#### Material for the task:
- - -

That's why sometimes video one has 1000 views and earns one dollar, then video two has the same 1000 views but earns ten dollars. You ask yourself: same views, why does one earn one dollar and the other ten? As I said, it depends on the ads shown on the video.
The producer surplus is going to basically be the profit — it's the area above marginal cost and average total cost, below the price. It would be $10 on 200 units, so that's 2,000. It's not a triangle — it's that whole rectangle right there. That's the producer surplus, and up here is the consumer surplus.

- - -

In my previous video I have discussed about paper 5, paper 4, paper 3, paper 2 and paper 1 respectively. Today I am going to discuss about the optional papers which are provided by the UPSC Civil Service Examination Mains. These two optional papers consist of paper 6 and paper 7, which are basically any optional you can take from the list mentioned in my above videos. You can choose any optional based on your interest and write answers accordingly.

- - -

#### Task goal:
Write out, from the lines above, only those from the line with "That's why sometimes" to the line with "The producer surplus is", exactly as given, including the first and the last.

#### Solution to this exercise:
That's why sometimes video one has 1000 views and earns one dollar, then video two has the same 1000 views but earns ten dollars. You ask yourself: same views, why does one earn one dollar and the other ten? As I said, it depends on the ads shown on the video.
The producer surplus is going to basically be the profit — it's the area above marginal cost and average total cost, below the price. It would be $10 on 200 units, so that's 2,000. It's not a triangle — it's that whole rectangle right there. That's the producer surplus, and up here is the consumer surplus.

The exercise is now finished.